A single pane of glass has an R-value of about 1. Homeowners often double this by adding a single-pane storm window. These insulation ratings compare to blown-in cellulose insulation with an R-value of 3.6 per inch of insulation. In roofs and ceilings, as much as 10 inches of insulation may be blown in to provide an R-value of nearly 40.
The R-value of double-pane windows varies depending on the thickness of the glass and if a low emissivity or Low-E glazing is used. A simple double-pane window with 1/4-inch spacing is less energy efficient than a single-pane window and storm at an R-value of 1.69. Increasing the air space between the panes to 3/4 inch increases the R-value to 2.38. Adding Low-E glazing bumps the R-value to 3.13.
Adding a third pane of glass to the window assembly increases the basic R-value to 2.56 when 1/4 inch spacing is utilized.
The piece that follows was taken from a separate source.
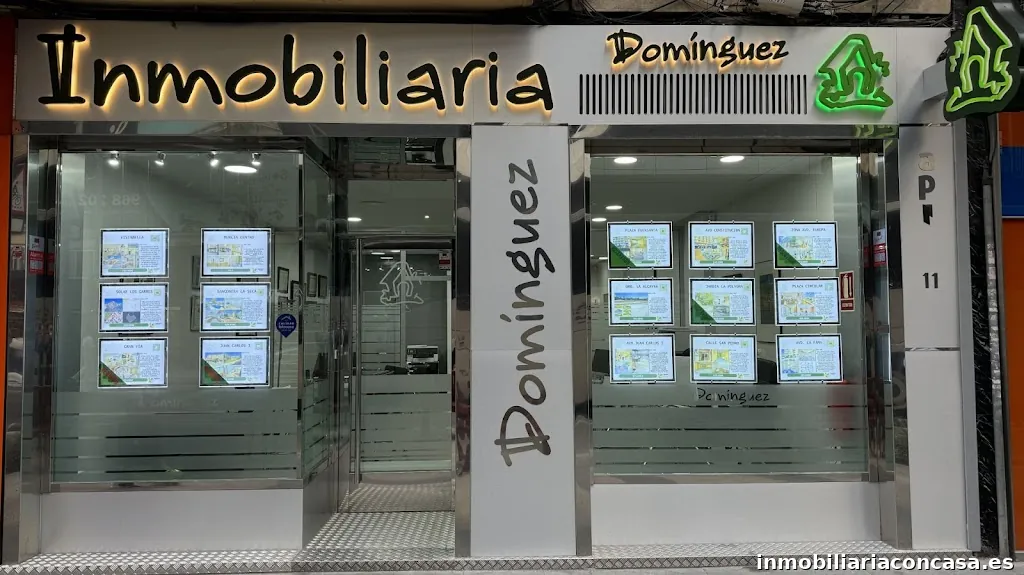 Dominguez Dominguez Centro de Murcia Capital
Doubling the air space to 1/2 inch increases the R-Value to 3.23.
Addition Window Insulation
Insulating films suspended between the glass of double and triple pane windows adds to the overall insulation, increasing the R-value by as much as 1 over the base insulation of the panes. The most energy efficient windows include both the suspended film and the Low-e glaze, and can reach an R-value above 4 in some circumstances. In addition, the fit of the window and the absence of gaps where cold exterior air can infiltrate into the home is important for energy efficiency.